Files are processed line by line. Multi-line objects with nested structures may be normalized incorrectly.

In complex normalization schemes where additional normalizers are used, all nested objects are processed at the first normalization level, except for cases when the extra normalization conditions are not specified and, therefore, the event being processed is passed to the extra normalizer in its entirety.

You can use \n and \r\n as newline characters. Strings must be UTF-8 encoded.

If you want to send the raw event for advanced normalization, at each nesting level in the Advanced event parsing window, select Yes in the Keep raw event drop-down list.
cef
This parsing method is used to process CEF data.

If you select this parsing method, you can use the predefined rules for converting events to the KUMA format by clicking Apply default mapping.
regexp
This parsing method is used to create custom rules for processing data in a format using regular expressions.

You must add a regular expression (RE2 syntax) with named capturing groups to the field under Normalization. The name of the capturing group and its value are considered the field and value of the raw event that can be converted to an event field in KUMA format.

To add event handling rules:
1. If necessary, copy an example of the data you want to process to the Event examples field.
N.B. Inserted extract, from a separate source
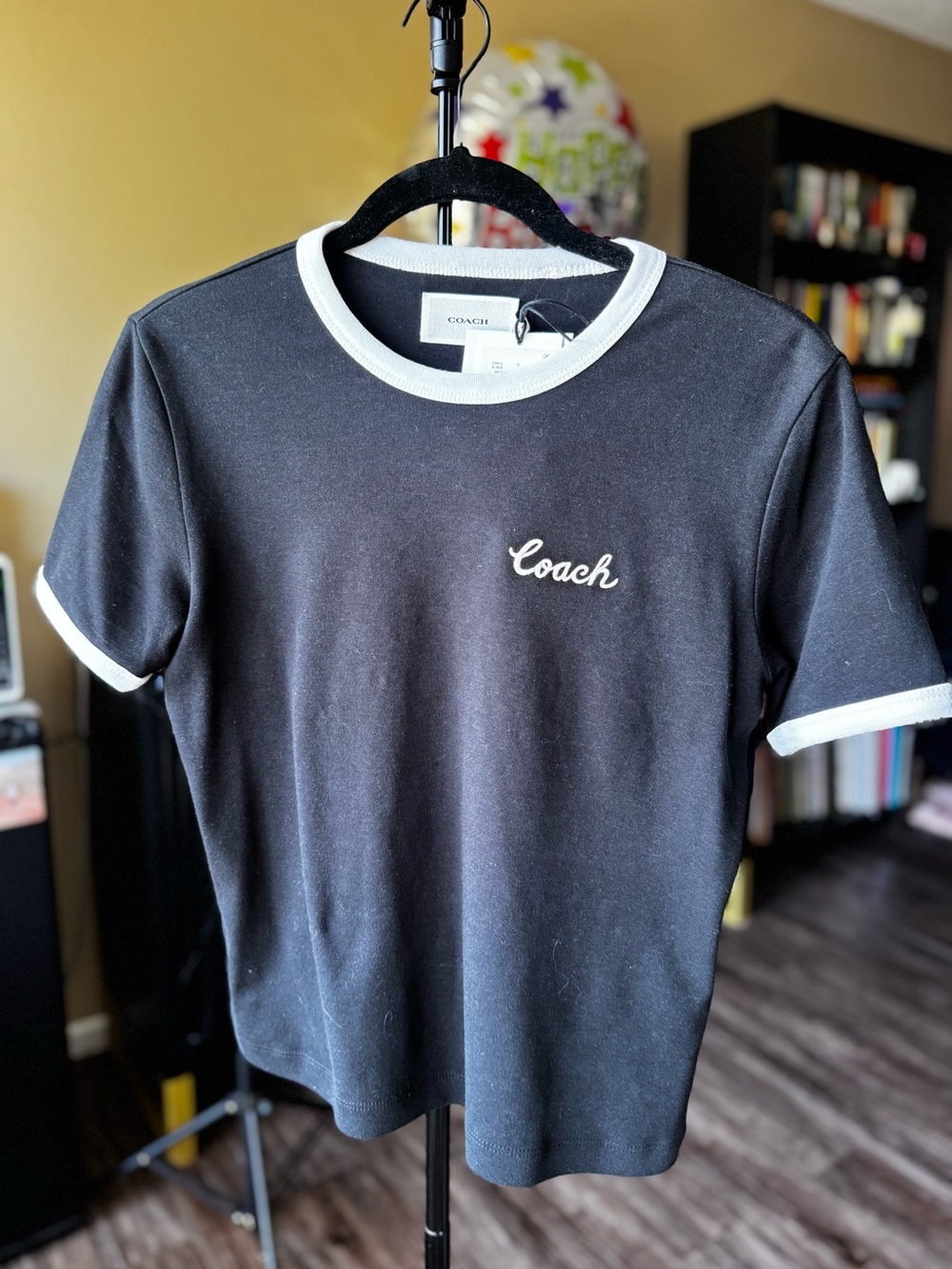 Coach Black & White Ringer Tee - Women's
We recommend completing this step.
2. In the field under Normalization, add a RE2 regular expression with named capturing groups, for example, "(?P<name>regexp)". The regular expression added to the field under Normalization must exactly match the event. When designing the regular expression, we recommend using special characters that match the starting and ending positions of the text: ^, $.
  You can add multiple regular expressions or remove regular expressions. To add a regular expression, click Add regular expression. To remove a regular expression, click the delete icon next to it.
3. Click the Copy field names to the mapping table button.
  Capture group names are displayed in the KUMA field column of the Mapping table. You can select the corresponding KUMA field in the column opposite each capturing group. If you followed the CEF format when naming the capturing groups, you can use automatic CEF mapping by selecting the Use CEF syntax for normalization check box.
Event handling rules are added.
syslog
This parsing method is used to process data in syslog format.

If you select this parsing method, you can use the predefined rules for converting events to the KUMA format by clicking Apply default mapping.
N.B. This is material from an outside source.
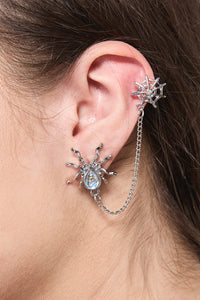 Dangerfield - Spiders Web & Chain Earrings - silver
To parse events in rfc5424 format with a structured-data section, in the Keep extra fields drop-down list, select Yes. This makes the values from the structured-data section available in the Extra fields.
csv
This parsing method is used to create custom rules for processing CSV data.

When choosing this parsing method, you must specify the separator of values in the string in the Delimiter field. Any single-byte ASCII character can be used as a delimiter for values in a string.

xml
This parsing method is used to process XML data in which each object, including nested objects, occupies a single line in a file. Files are processed line by line.

If you want to send the raw event for advanced normalization, at each nesting level in the Advanced event parsing window, select Yes in the Keep raw event drop-down list.

If you select this parsing method, under XML attributes, you can specify the key XML attributes to be extracted from tags. If an XML structure has multiple XML attributes with different values in the same tag, you can identify the necessary value by specifying the key of the value in the Source column of the Mapping table.

To add key XML attributes:
1. Click + Add field.
2. This opens a window; in that window, specify the path to the XML attribute.
You can add multiple XML attributes or remove XML attributes. To remove an individual XML attribute, click the delete icon next to it. To remove all XML attributes, click Reset.

If XML key attributes are not specified, then in the course of field mapping the unique path to the XML value will be represented by a sequence of tags.

Tag numbering

Starting with KUMA 2.1.3, you can use automatic tag numbering in XML events. This lets you parse an event with the identical tags or unnamed tags, such as <Data>.

As an example, we will number the tags of the EventData attribute of the Microsoft Windows PowerShell event ID 800.

<Event xmlns="http://schemas .microsoft.com/win/2004/08/events/event">

<System>

<Provider Name="Microsoft-Windows-ActiveDirectory_DomainService" Guid="{0e8478c5-3605-4e8c-8497-1e730c959516}" EventSourceName="NTDS" />

<EventID Qualifiers="0000">0000</EventID>

<Version>@</Version>

<Level>4</Level>

<Task>15</Task>

<Opcode>0</Opcode>

<Keywords >0x8080000000000000</Keywords>

<TimeCreated SystemTime="2000-01-01T00:00:00.659495900Z" />

<EventRecordID>55647</EventRecordID>

<Correlation />

<Execution ProcessID="1" ThreadID="1" />

<Channel>service</Channel>

<Computer>computer</Computer>

<Security UserID="0000" />

</System>

<EventData>

<Data>583</Data>

<Data>36</Data>

<Data>192.168.0.1:5084</Data>

<Data>level</Data>

<Data>name, lDAPDisplayName</Data>

<Data />

<Data>5545</Data>

<Data>3</Data>

<Data>0</Data>

<Data>0</Data>

<Data>0</Data>

<Data>15</Data>

<Data>none</Data>

</EventData>

</Event>

To parse events with identical tags or unnamed tags, you need to configure tag numbering and data mapping for numbered tags with KUMA event fields.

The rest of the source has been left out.